Good Me: Did you hear? I just opened up our Xbox queue and learned that they’re releasing Fable III! Aren’t you excited?
Bad Me: You just heard that? Seriously, do you live in some kind of cell cut off from the rest of the universe? How could you possibly miss that? Old news. Move on.
Good Me: Oh, come on. Now that were done playing Dragon Age, we need something to keep us occupied. It’s got guns! And a rebellion! And there’s a chicken in the trailer!
Bad Me: A chicken. You’re excited about a chicken?
Good Me: Well, I didn’t say it was excited about chicken. The chicken is cute. But I’m excited about playing the game again. I mean, don’t you remember the first time we played? It was everything we ever wanted in a game!
Bad Me: Are you serious? The first game, while it had some redeeming qualities, was lackluster. And the second? You honestly don’t remember that time we were loved into a corner and had to restart the whole system, losing hours of progress?
Good Me: I think I vaguely remember…
Bad Me: Vaguely remember? We were attacked by a throng of sex-obsessed villagers who wanted nothing more than to love us to death. We were shoved up against an iron fence, right near that nice house we bought. Seriously what a waste of time!
Good Me: But the second game let us customize our character! We even got to play a chick! She was so… so…
Bad Me: Hideous?
Good Me: Well, she didn’t start out that way. So she ended up having a sweet tooth, and her magic abilities made her look freakish, old, and gave her these really weird glowing eyes—but, her husbands loved her! And her girlfriend. And love is what it’s all about, isn’t it?
Bad Me: You are embarrassingly insatiable when it comes to cultivating in-game relationships, you know.
Good Me: Excuse me for having a sense of responsibility. I can’t love them and leave them like you do, especially when there’s kids to consider… But if a new prospect comes along…
Bad Me: *sigh* Really, you want to start all this again? I mean, if you’re all in it for the limited-edition Fable controller, go for it. You need more kitschy stupid stuff in the house. I was getting bored with all the trinkets we already gathered.
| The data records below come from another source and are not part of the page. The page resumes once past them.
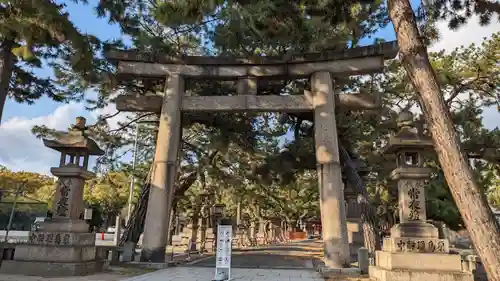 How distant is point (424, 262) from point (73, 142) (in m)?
8.53

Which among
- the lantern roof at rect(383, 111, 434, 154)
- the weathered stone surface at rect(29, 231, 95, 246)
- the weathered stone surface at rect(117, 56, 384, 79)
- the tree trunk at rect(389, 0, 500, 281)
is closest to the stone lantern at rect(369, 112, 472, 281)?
the lantern roof at rect(383, 111, 434, 154)

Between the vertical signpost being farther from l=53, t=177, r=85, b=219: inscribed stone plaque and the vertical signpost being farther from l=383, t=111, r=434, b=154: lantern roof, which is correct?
l=383, t=111, r=434, b=154: lantern roof

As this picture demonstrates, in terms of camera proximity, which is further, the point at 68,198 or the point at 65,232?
the point at 68,198

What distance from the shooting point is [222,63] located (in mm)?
11703

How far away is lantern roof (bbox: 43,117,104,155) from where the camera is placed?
941 cm

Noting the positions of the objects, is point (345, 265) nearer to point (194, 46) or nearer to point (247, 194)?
point (194, 46)

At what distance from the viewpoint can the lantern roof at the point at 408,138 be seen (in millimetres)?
8600

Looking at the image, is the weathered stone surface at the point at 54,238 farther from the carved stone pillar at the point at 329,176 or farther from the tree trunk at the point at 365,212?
the tree trunk at the point at 365,212

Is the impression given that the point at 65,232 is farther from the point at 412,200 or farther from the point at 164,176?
the point at 412,200

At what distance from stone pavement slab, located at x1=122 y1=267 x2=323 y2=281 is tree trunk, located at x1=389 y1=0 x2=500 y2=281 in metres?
4.86

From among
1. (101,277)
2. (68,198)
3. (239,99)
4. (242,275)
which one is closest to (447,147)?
(242,275)

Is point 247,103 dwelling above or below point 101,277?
above

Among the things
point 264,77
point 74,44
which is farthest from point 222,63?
point 74,44

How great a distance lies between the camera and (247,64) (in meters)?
11.7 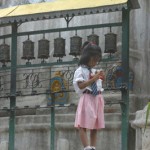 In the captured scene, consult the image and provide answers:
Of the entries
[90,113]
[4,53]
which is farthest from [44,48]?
[90,113]

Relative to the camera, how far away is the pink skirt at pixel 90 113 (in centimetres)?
846

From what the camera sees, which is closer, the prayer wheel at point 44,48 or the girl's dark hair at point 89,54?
the girl's dark hair at point 89,54

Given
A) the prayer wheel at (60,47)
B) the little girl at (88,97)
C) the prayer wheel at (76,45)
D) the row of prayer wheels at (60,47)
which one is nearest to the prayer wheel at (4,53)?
the row of prayer wheels at (60,47)

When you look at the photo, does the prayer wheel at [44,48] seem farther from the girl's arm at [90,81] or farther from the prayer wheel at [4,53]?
the girl's arm at [90,81]

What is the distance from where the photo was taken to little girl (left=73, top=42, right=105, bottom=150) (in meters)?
8.44

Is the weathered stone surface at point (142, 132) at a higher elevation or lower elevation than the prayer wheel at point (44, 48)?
lower

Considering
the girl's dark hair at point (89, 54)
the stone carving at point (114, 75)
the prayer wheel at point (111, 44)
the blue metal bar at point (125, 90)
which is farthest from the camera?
the stone carving at point (114, 75)

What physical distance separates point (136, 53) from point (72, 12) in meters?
2.05

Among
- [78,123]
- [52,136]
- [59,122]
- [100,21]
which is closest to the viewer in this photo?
[78,123]

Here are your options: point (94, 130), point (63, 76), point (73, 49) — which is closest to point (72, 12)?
point (73, 49)

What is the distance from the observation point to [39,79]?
13062 mm

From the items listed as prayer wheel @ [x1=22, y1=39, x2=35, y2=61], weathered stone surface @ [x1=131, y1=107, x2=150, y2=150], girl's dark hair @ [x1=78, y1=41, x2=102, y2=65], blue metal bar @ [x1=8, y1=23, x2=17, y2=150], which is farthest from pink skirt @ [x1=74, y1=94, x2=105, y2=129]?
prayer wheel @ [x1=22, y1=39, x2=35, y2=61]

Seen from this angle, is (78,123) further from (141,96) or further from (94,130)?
(141,96)

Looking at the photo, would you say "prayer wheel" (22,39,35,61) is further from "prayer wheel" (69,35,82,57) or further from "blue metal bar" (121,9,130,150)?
"blue metal bar" (121,9,130,150) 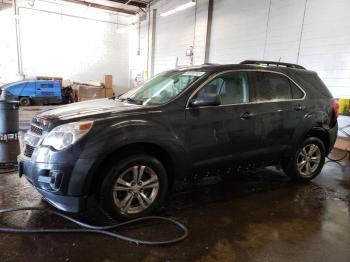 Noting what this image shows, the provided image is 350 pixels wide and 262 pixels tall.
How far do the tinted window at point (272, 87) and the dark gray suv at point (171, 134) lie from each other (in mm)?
13

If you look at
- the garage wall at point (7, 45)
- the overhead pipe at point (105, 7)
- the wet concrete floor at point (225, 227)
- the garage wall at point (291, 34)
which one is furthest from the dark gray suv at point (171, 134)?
the garage wall at point (7, 45)

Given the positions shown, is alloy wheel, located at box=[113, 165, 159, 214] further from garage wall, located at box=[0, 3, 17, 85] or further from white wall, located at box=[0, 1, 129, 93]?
white wall, located at box=[0, 1, 129, 93]

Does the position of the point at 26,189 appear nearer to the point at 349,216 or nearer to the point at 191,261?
the point at 191,261

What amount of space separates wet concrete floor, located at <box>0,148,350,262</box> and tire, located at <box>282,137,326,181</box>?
161mm

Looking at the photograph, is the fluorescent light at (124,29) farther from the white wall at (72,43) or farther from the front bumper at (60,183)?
the front bumper at (60,183)

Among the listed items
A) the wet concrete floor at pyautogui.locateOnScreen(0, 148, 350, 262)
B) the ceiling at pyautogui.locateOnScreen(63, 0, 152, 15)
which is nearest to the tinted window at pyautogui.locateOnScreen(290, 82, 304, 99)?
the wet concrete floor at pyautogui.locateOnScreen(0, 148, 350, 262)

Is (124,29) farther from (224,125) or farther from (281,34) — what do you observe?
(224,125)

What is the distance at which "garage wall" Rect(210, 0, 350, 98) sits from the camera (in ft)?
21.8

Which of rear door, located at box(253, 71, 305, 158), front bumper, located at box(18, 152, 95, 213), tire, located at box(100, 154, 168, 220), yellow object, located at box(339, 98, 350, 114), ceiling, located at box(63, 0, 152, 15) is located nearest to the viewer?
front bumper, located at box(18, 152, 95, 213)

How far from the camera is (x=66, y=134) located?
2541mm

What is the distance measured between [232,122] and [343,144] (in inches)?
167

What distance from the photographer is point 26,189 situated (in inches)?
143

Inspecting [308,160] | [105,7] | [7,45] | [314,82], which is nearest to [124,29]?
[105,7]

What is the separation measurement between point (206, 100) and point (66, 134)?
1.38 m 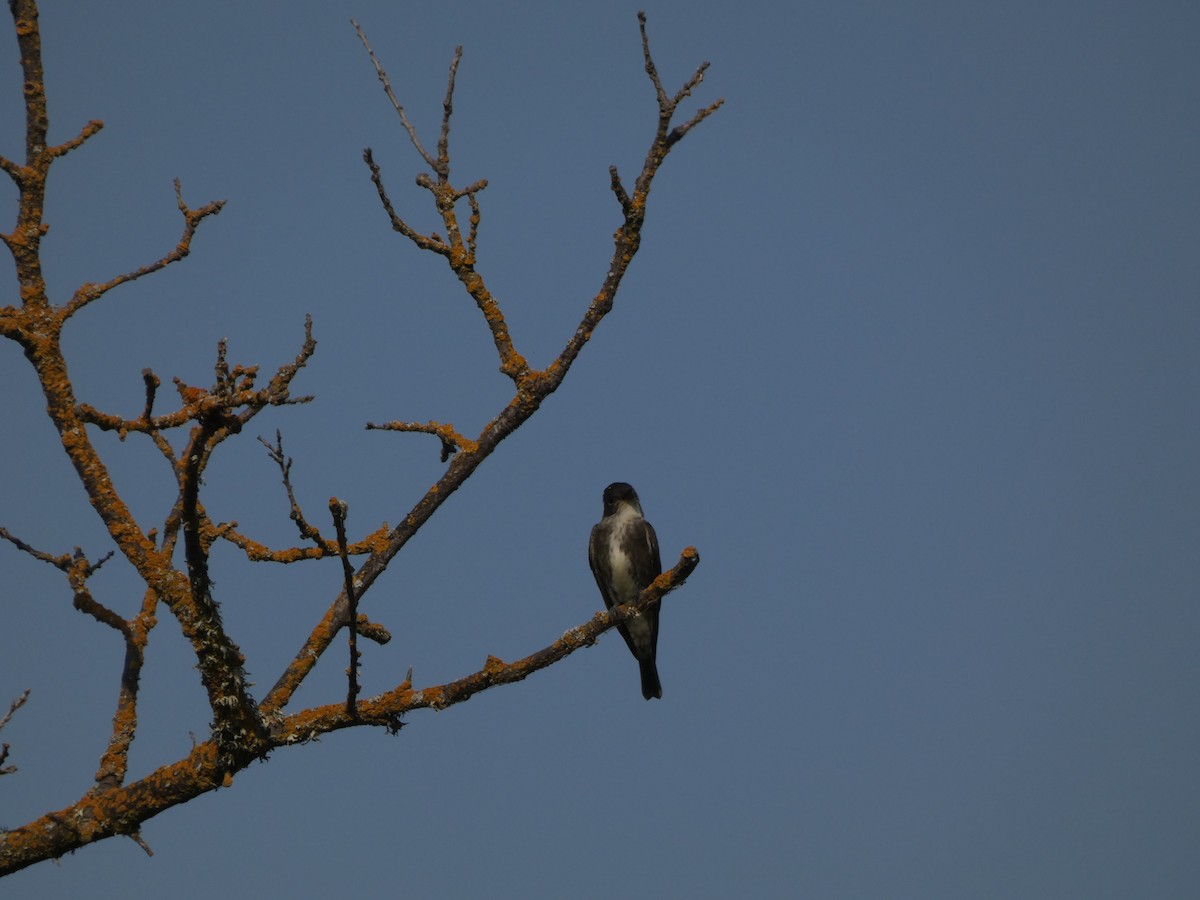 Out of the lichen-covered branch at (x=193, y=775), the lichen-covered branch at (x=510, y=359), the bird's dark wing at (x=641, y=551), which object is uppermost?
the bird's dark wing at (x=641, y=551)

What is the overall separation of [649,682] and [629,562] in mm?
1110

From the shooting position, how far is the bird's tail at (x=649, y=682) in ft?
35.2

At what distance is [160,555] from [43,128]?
6.44ft

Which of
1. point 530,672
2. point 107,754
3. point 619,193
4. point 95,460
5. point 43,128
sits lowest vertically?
point 530,672

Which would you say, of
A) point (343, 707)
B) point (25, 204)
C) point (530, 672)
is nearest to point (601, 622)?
point (530, 672)

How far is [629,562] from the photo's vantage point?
10.4 metres

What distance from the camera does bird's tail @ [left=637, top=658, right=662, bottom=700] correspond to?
1073 centimetres

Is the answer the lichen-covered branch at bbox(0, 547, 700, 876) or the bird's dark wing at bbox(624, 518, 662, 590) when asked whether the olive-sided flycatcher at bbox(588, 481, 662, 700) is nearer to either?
the bird's dark wing at bbox(624, 518, 662, 590)

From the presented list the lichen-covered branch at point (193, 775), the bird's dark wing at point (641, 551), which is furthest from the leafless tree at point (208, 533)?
the bird's dark wing at point (641, 551)

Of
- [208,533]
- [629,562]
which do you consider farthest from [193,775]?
[629,562]

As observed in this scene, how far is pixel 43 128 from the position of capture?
5367 millimetres

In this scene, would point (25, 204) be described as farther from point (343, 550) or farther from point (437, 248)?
point (343, 550)

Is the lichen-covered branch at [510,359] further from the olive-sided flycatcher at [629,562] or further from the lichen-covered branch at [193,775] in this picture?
the olive-sided flycatcher at [629,562]

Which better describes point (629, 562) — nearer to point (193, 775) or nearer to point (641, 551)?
point (641, 551)
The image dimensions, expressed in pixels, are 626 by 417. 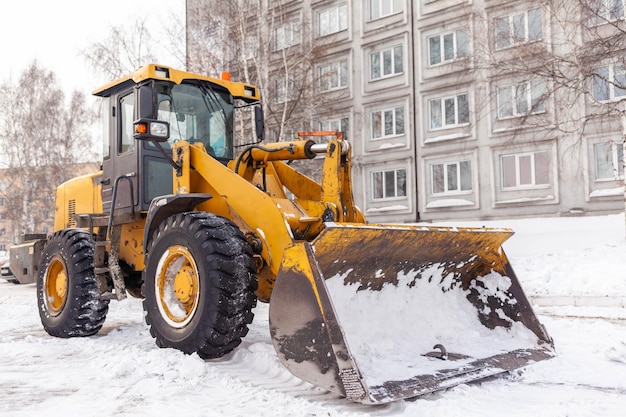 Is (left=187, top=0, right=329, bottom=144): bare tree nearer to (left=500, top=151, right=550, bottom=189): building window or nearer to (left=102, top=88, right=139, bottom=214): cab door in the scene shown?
(left=500, top=151, right=550, bottom=189): building window

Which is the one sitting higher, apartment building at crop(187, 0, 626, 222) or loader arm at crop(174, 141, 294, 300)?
apartment building at crop(187, 0, 626, 222)

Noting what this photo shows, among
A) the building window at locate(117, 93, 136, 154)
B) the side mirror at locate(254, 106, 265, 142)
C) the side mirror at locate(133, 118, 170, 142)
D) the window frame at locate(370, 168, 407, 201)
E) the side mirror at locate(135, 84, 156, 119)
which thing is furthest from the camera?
the window frame at locate(370, 168, 407, 201)

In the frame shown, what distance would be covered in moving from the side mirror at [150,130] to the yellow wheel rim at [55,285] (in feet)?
7.13

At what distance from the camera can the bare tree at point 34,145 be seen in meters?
27.7

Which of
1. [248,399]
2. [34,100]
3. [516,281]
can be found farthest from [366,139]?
[248,399]

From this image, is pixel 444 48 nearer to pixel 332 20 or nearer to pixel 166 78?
pixel 332 20

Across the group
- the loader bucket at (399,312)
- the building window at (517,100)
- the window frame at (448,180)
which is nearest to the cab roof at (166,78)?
the loader bucket at (399,312)

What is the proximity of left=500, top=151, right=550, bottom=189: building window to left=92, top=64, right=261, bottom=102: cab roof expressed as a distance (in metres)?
15.5

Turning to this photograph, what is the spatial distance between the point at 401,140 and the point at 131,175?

Good Me: No, I don’t want the controller. Not… not really. I mean it’s shiny and stuff, but my hope is far beyond that. Chances are they fixed some of the stuff that was wrong with the other games. You know what I’m talking about, and you agreed with me: there is so much possibility with a game like this. You can be evil, I can be good. Everyone is happy. We can play as one!
Bad Me: Then that makes us neutral. And for the record: I’m not evil. I’m just a hell of a lot smarter than you.
Good Me: Hey, no need for insults.
Bad Me: Well, don’t expect a challenge. You remember what happened with the last big boss, right?
Good Me: We killed him with one valiant stroke!
Bad Me: We could have sneezed and killed him. Bo-ring.
Good Me: It’s only because we played the game so well. The boss just didn’t have a chance against our combined powers of awesome.
Bad Me: *laughs* You know that’s not true. We fight like an orc on steroids after he’s had six Red Bulls, and we never even attempt to block a blow. We end up looking like the Grand Canyon is going through our face. It’s hilarious.
Good Me: You’re mean. And it’s not hilarious. It’s character.
Bad Me: I’m surprised he didn’t mention the “s” word yet.
Good Me: And which one is that? Sh–
Bad Me: No, not that one. Steampunk. You know this game’s all industrial, right? With smokestacks and guns… and the whole royalty thing just makes it, well, the kind of fantasy environment you usually drool over like some lovestruck Justin Bieber fan.
Good Me: Who’s Justin B–
Bad Me: Nevermind. Steampunk. We’re talking about steampunk.
Good Me: *drools* Well, yeah. But I don’t see—
Bad Me: And there’s a villager maker… and though it has its limitations…
Good Me: Wait a minute, are you at the website?
Bad Me: *covers up computer screen* I don’t know what you’re talking about.